A test might want to say something like this:

There should be four groups in the set groups.
Each group should include a different pair of department and job, for department sales or it and job either sdet or serf or closer or producer, with sdet and serf paired with it and the others with sales.
For each of those groups, the restrict should produce records that match the key field in the group.
Every record should appear in exactly one restrict.

I think we can at least do the check for all the records in the groups set. Let’s do that.

    def test_restrict_returns_group_records(self):
        personnel = self.build_peeps()
        fields = XSet.classical_set(("department", "job"))
        groups = personnel.project(fields)
        for group_keys, _scope in groups:
            search_set = XSet.classical_set([group_keys])
            selected_people = personnel.restrict(search_set)
            assert len(selected_people) == 2
            department = group_keys['department']
            job = group_keys['job']
            for person, _scope in selected_people:
                assert person['department'] == department
                assert person['job'] == job

Basically same test, just looping over all the groups. Commit: improve test.

Reflect More Generally

Where are we, where do we want to go next? Let’s think about where we want to go and then assess where we are in the light of that.

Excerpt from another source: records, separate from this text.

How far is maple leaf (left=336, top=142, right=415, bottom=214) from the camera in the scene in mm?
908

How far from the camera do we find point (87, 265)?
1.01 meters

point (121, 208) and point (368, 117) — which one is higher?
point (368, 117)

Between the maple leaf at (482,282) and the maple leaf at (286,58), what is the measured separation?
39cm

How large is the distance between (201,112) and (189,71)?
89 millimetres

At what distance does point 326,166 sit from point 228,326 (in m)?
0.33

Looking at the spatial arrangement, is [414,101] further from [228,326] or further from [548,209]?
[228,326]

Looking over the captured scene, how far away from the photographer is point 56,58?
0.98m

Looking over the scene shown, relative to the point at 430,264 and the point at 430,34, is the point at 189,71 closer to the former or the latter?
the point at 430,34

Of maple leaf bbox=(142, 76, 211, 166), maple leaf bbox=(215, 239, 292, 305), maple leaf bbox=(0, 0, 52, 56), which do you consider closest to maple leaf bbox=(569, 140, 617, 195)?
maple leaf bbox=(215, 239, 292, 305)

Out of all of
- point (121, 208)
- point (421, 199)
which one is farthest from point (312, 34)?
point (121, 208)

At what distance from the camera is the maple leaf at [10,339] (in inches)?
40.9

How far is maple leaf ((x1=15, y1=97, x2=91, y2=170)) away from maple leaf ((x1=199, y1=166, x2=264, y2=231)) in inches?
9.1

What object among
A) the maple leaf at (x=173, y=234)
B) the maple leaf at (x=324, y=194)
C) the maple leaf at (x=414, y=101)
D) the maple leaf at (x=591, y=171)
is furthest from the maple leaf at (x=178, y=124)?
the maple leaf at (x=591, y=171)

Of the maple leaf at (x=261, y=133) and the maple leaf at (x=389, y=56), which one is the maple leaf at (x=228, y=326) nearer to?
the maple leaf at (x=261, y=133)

Whap upside my head: Huh. You think you know what you want and then realize that you don’t really know. Let me mumble a bit here.

We have some input set with a bunch of key fields and value fields. We want to “group” the set by some of the key fields and then process it, perhaps printing it in that order, perhaps processing it further to produce summary information.

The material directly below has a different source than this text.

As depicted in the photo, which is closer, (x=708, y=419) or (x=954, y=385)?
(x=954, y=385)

Is it possible that what we want is something very nested, like this:

{
    { department=it 
        { job=sdet {
            {pay=10000}
            {pay = 11000}
            }
        },
        { job=serf {
            {pay=1000}
            {pay=1100}
            }
        }
    } ...
}

I hope not: I’m not even sure I got the braces right there. But seriously, we generally do produce indented reports like that, so we’ll at least want the groups sorted together. Nesting them guarantees that the right things are together but it is a bear to unwrap. We begin to see why report generators are so complicated.

Let’s write a test that produces a report, given what we have now for operations. It might not be “efficient”, but we won’t worry about that just yet.

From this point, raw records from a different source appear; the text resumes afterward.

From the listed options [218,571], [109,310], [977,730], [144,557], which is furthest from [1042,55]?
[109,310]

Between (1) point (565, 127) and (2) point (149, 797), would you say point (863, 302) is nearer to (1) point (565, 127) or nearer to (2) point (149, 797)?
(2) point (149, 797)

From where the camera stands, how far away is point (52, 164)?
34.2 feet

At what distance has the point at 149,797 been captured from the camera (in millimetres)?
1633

I have good news and bad news, bits of each. The main good news is that I have this report:

Dept: it
    Job: sdet
        3: sdet: 10000
        4: sdet: 11000
    Job: serf
        2: serf: 1100
        1: serf: 1000
Dept: sales
    Job: closer
        6: closer: 1100
        5: closer: 1000
    Job: prospector
        7: prospector: 10000
        8: prospector: 11000

The main bad news is that this is the test that produces it:

    def test_build_report(self):
        def details(rec, scope):
            return f"        {scope}: {rec['job']}: {rec['pay']}"

        print()
        personnel = self.build_peeps()
        get_departments = XSet.classical_set(("department",))
        departments = personnel.project(get_departments)
        department_names = []
        for dept_rec, _dept in departments:
            department_names.append(dept_rec['department'])
        department_names = sorted(department_names)
        report_lines = []
        for dept in department_names:
            report_lines.append("Dept: " + dept)
            dept_rec = XSet.from_tuples([(dept, 'department')])
            dept_set = XSet.classical_set([dept_rec])
            dept_recs = personnel.restrict(dept_set)
            job_names = set()
            for rec, scope in dept_recs:
                job = rec['job']
                job_names.add(job)
            job_names = sorted(job_names)
            for job in job_names:
                report_lines.append("    Job: " + job)
                job_rec = XSet.from_tuples([(job, 'job')])
                job_set = XSet.classical_set([job_rec])
                job_recs = dept_recs.restrict(job_set)
                for rec, scope in job_recs:
                    report_lines.append(details(rec, scope))
        print()
        print('\n'.join(report_lines))
        assert False

More good news is that that’s not quite as awful as it may appear at first glance. in particular, the code for each summary level (department and job) is basically the same, so we can clearly build something not quite so nasty with a bit of refactoring.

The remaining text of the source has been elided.